So what then are the practical ramifications for ordinary people?

First of all, since the government has to pay back those from whom we’ve borrowed, huge sums of money will flow out of the United States to foreign investors, diminishing funds necessary for solving problems besetting us such as health care, poverty, homelessness, violence, and infrastructure.

Second, the payback also means that vast amounts will flow to already wealthy U.S investors—making the rich richer and the poor poorer. The mounting rise of social and economic inequality, already at a shamefully high level, will be driven unimaginably higher.

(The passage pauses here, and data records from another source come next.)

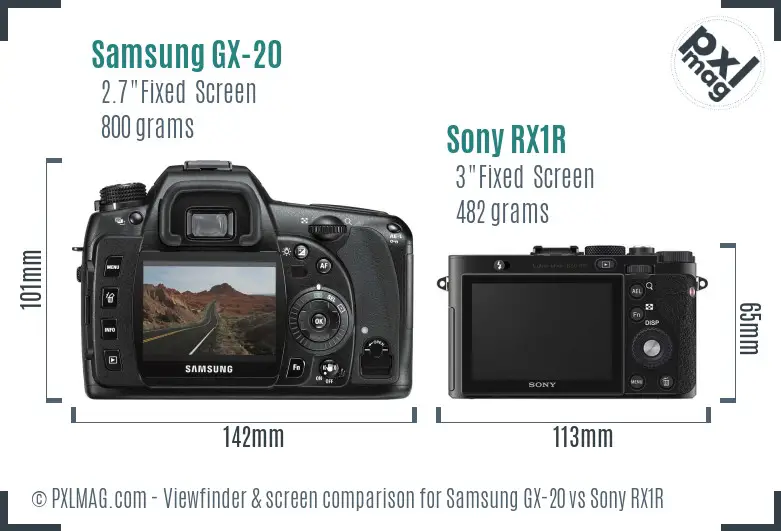 Samsung GX-20 vs Sony RX1R Screen and Viewfinder comparison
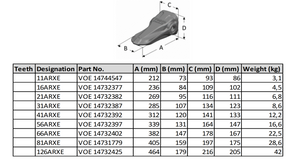 11ARXE VOE 14744547 VOLVO Bucket Tooth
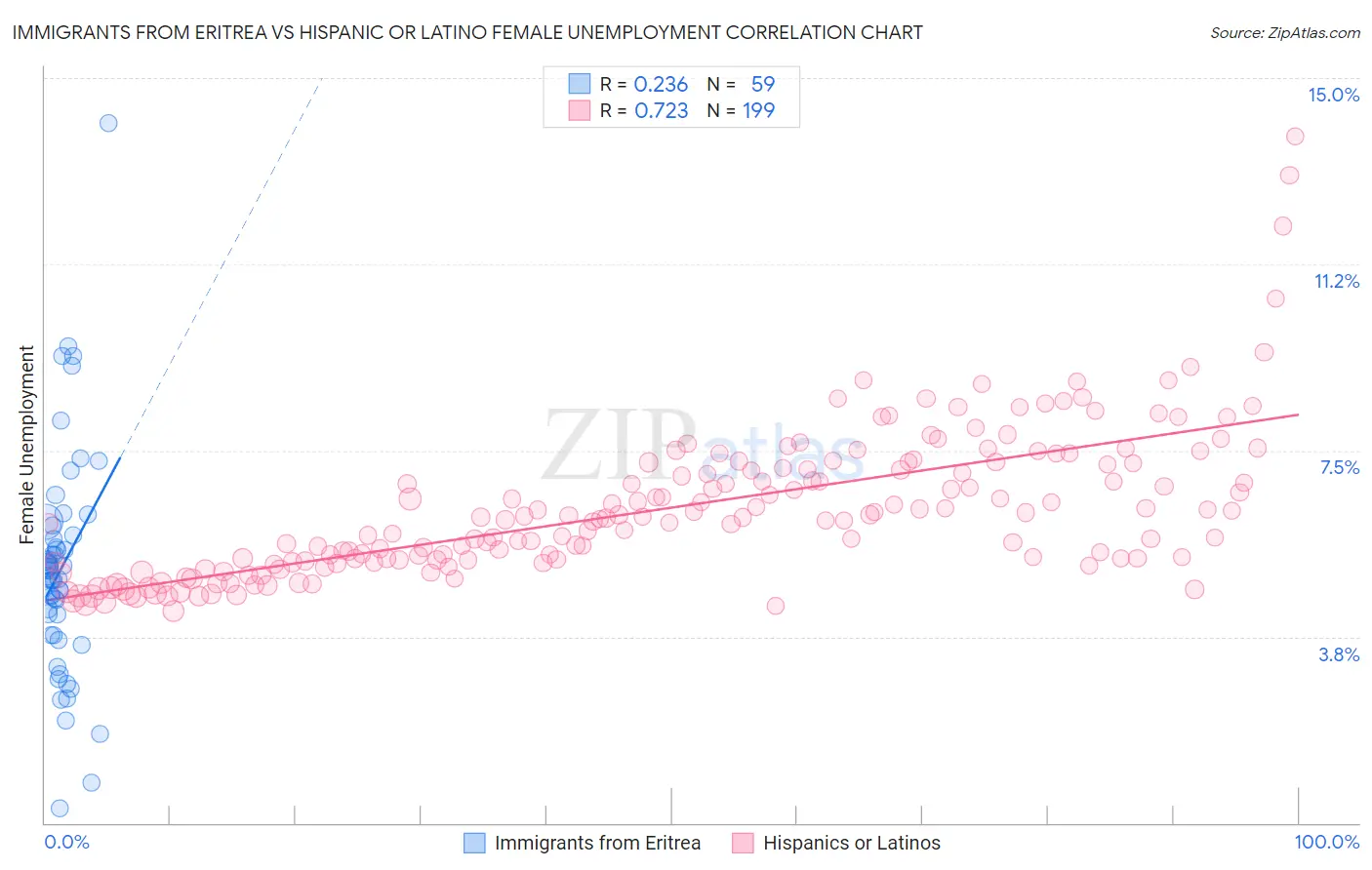 Immigrants from Eritrea vs Hispanic or Latino Female Unemployment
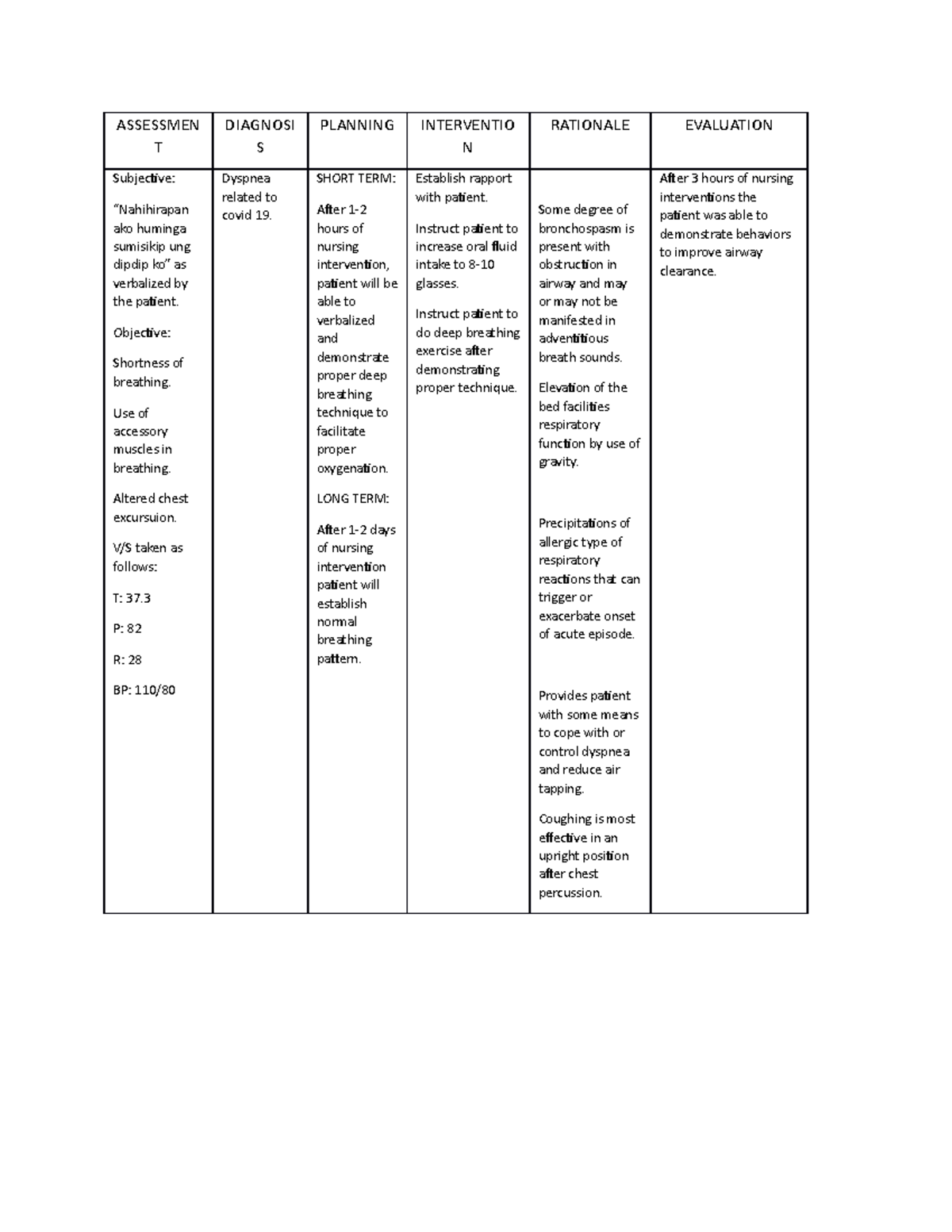 Ncp-2 - Nursing Care Plan - Assessmen T Diagnosi S Planning Interventio 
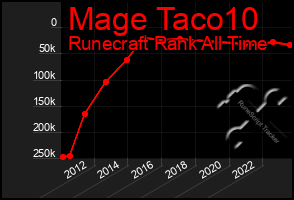 Total Graph of Mage Taco10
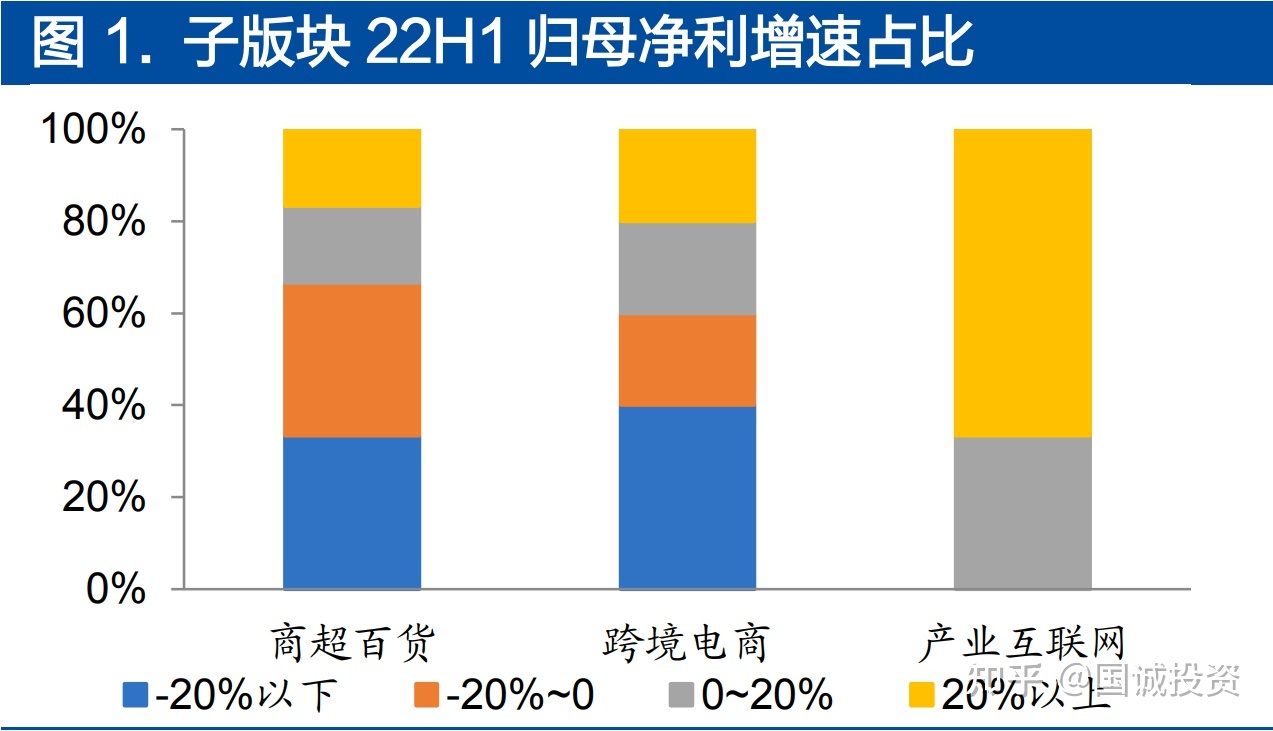 互聯網商超發展模式新聞(電商沖擊下的傳統商超現狀)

Recall that even now we have no claim to be a model of social and economic justice. Although our GDP makes the United States the wealthiest country in the world, it also has the second-worst child poverty rate among 35 developed countries, squeaking in at number 34, ahead of Romania. A United Nations study for the Human Rights Council has concluded that 40 million people in the United States live in poverty.

Our commitment to military supremacy and global dominance, based as it is on a deep foundation of debt, is no longer compatible with American democracy. In order to maintain our empire of 800 military bases around the world, deploy military operations in more than 140 nations, and conduct counterterrorism operations in 76 different countries (not to mention the staggering $1 trillion dollars already allocated for refurbishing the nuclear arsenal), we cannot satisfy the legitimate needs and desires of a democratic citizenry.

A government that stops satisfying the expressed needs of its people also stops being a representative government.

Is anyone paying attention? Or are we simply slouching toward Bedlam?